Pre-flight check before sending a marketing email

from toolkitapi import Email

def is_safe_to_send(subject: str, body: str, threshold: float = 4.0) -> bool:
    """Return True if the email is unlikely to be flagged as spam."""
    with Email(api_key="tk_...") as email:
        result = email.spam_score(subject=subject, body=body)
    if result["score"] >= threshold:
        print(f"Spam score {result['score']}/10 — review before sending:")
        for rule in result["triggered_rules"]:
            print(f"  - {rule}")
        return False
    return True

Score a contact form submission

form-spam-score applies heuristic rules to form fields and returns a probability between 0 (ham) and 1 (spam), together with the signals that triggered the score.
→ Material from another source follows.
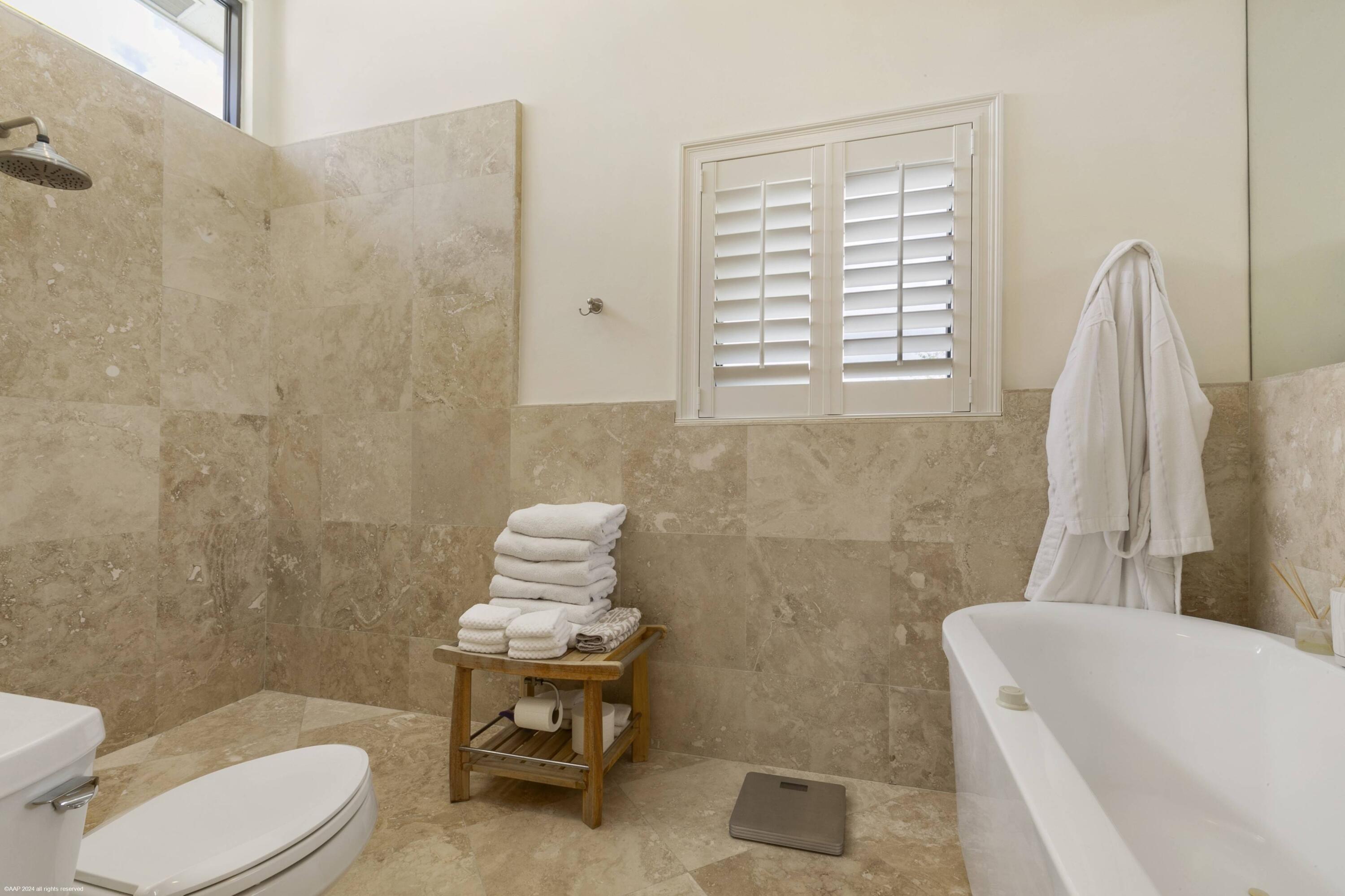 14965 Oatland, Wellington FL 33414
The SDK does not currently include a form_spam_score method — call the endpoint directly:

import httpx

def score_form_submission(
    name: str,
    email: str,
    body: str,
    *,
    honeypot: str = "",
    elapsed_seconds: float | None = None,
    api_key: str,
) -> dict:
    """Score a contact form submission and return the spam analysis."""
    payload = {
        "name": name,
        "email": email,
        "body": body,
        "honeypot": honeypot,
        "elapsed_seconds": elapsed_seconds,
    }
    response = httpx.post(
        "https://email.toolkitapi.io/v1/email/form-spam-score",
        json=payload,
        headers={"X-API-Key": api_key},
        timeout=10,
    )
    response.raise_for_status()
    return response.json()

Integrate form spam scoring into a contact endpoint

import httpx
from fastapi import HTTPException

SPAM_THRESHOLD = 0.65

async def handle_contact_form(
    name: str,
    email: str,
    message: str,
    honeypot: str,        # Hidden field — bots fill it, humans don't
    elapsed_seconds: float,
    api_key: str,
) -> None:
    """Submit form only if the spam score is below the threshold."""
    result = score_form_submission(
        name=name,
        email=email,
        body=message,
        honeypot=honeypot,
        elapsed_seconds=elapsed_seconds,
        api_key=api_key,
    )

    if result["score"] >= SPAM_THRESHOLD:
        signals = [s["rule"] for s in result["signals"]]
        raise HTTPException(
            status_code=422,
            detail=f"Submission flagged as spam: {', '.join(signals)}",
        )

    # ... proceed with saving/emailing the submission

Response Fields

headers response:

Field Type Description
subject string | null Email subject
from_address string | null From header value
to_address string | null To header value
date string | null Date header value
message_id string | null Message-ID header
return_path string | null Return-Path header
received_hops list Routing hops with from_host, by_host, protocol, timestamp
auth_results list {method, result, detail} for each of SPF, DKIM, DMARC, ARC
originating_ip string | null First non-internal IP in the routing chain
spoofing_risk string low, medium, or high
header_count int Total number of headers found

spam-score response:

Field Type Description
score float 0–10 spam score
verdict string ham, suspicious, or spam
triggered_rules list Rule names that contributed to the score
rule_count int Number of triggered rules

form-spam-score response:

Field Type Description
score float 0–1 spam probability
verdict string ham, suspicious, or spam
total_weight float Sum of signal weights before normalisation
signals list {rule, description, weight} for each triggered signal

form-spam-score signal rules:

Rule Description
honeypot_filled Hidden field was filled (bot indicator)
fast_submit Form submitted in under 3 seconds
spam_phrases Body contains known spam trigger phrases
excessive_urls Body contains 3 or more URLs
email_mismatch Body contains different email addresses than submitter's
excessive_caps Body has 4+ ALL-CAPS words
excessive_punctuation Body contains !!! or ???
very_short_body Body is under 10 characters
url_in_name Name field contains a URL
high_non_ascii More than 50% of body is non-ASCII characters

Tip

For contact forms, always include a honeypot field — a hidden input that real users never fill but bots do. Pass its value to form-spam-score via the honeypot field. A filled honeypot alone contributes a weight of 5.0, which typically pushes the score above the spam threshold without any other signals.